社会問題があるところには住民運動が起こるじゃないですか。でやっぱりそれに巻き込まれちゃったわけです(笑)。大学は一年で中退して、人口40万人のアジア最大のスラム住民組織を支援するNGOに転がり込んだんです。結局インドには4年間いたんですけど、あとの2年間は実践活動をしてました。
そのスラム街で生活しつつ、住民運動を指揮してたんですが、その現場で、学んだ学問を実践できたんです。ほんとに20万、30万人単位で住民を動かせちゃうんですよ。これはすごい力ですよ。警察当局とか宗教団体に子供たちを中心に、数万人のデモをかけるとか。ヒューマン・チェーンとかで抗議行動の輪を作って、ブルドーザーが来たって女性や子どもが前に立ちはだかったりね。それを僕を中心とした住民とかソーシャルワーカーが組織するわけです。そういうときはやはり、すごいダイナミズムを感じました。大衆を動かすことに酔いましたよね(笑)。
ひとくちに40万人のスラム街といっても、宗教によって大小さまざまなグループに分かれていて、中には敵対するグループもあるわけです。ヒンドゥ教とイスラム教とか。でも大きな目標のためには宗教のカベを超えてひとつにまとまらなければならない。そういうときはどうするかっていうと、どちらもwinの状態に導くわけですよ。それはひとつの運動のなかで、両方の問題を解決するようにもっていく。共通の目的を見い出してまとめていくわけです。
数10万単位の人間をまとめていくためには、やはりコーディネーター的な役割じゃないとだめ。僕がアジテーションをして手を組むんじゃまとまりませんよ。具体的には各グループ側にリーダーを作っていく。これは小さな組織でもそうでしょ? たとえば僕が日本人として、外国で組織を動かすときにはやはり大きくなればなるほど、僕の言葉を代弁できる、彼らの中のリーダーを作る。だからある意味で系列のチームを作る。
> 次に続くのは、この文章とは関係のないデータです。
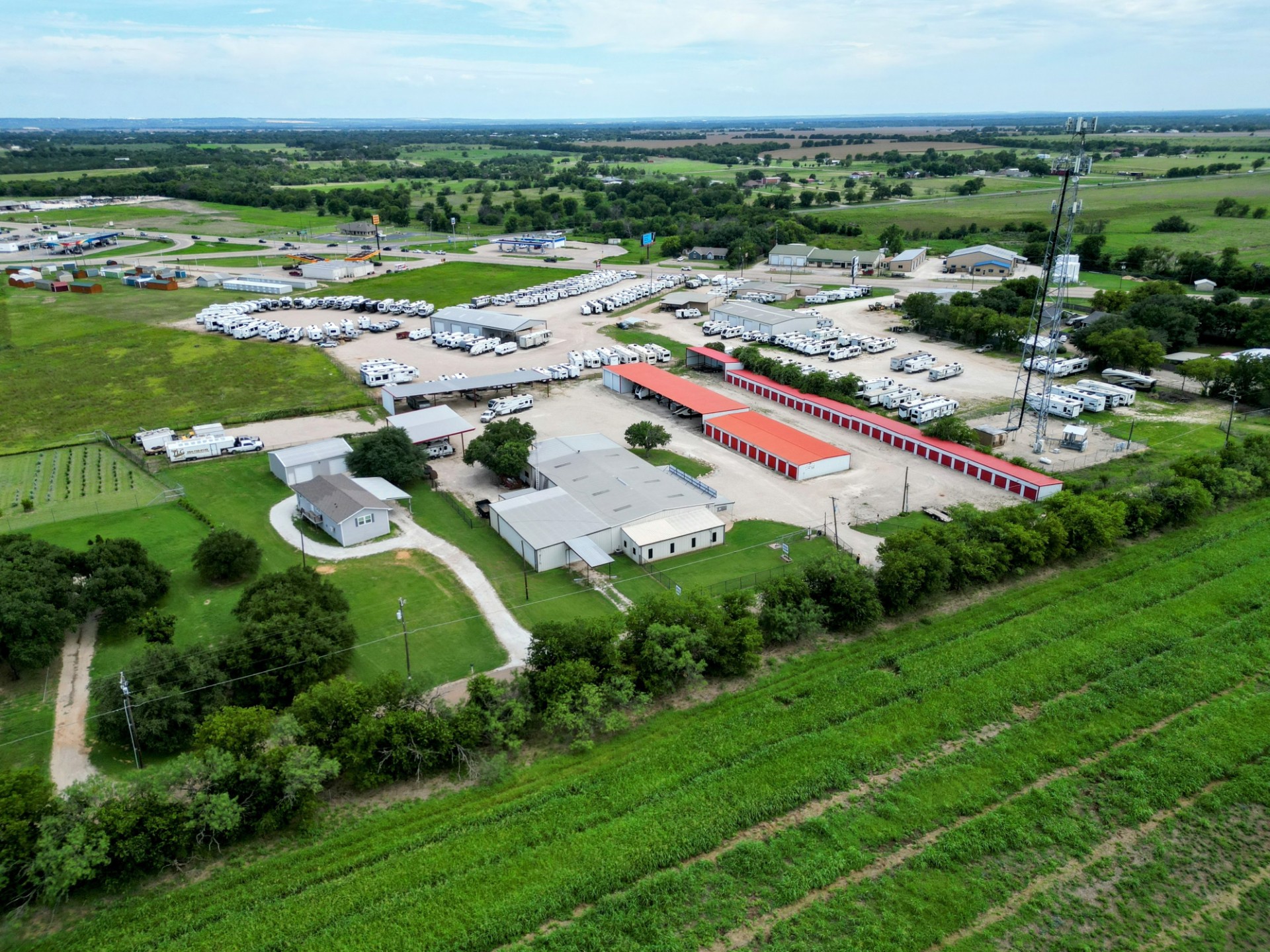 Red Roof Storage Facility Waco, Texas - Covered RV & Boat Storage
腹心のリーダーをどうやって作るか? これが難しい。自分がその人を好きだからということではなくて、本当に周りの人が認めて力がある人をリーダーとして立てる必要がある。その調整が難しいですよね。周りの人が認めていても僕が嫌いだったらダメだし、そういった人間を僕はなぜ嫌いなのか? と自分に問いかけなければいけない。それは単に相手の能力が僕よりも上回っているから嫌いなのか? とか。そういうときはけっこう自分を抑えますよね。基本的にそういう場合が多くて。なぜかっていうと、僕も若かったから。みんな僕より年上ですからね。で、僕はこう見えても非常に謙虚な人間だから(笑)。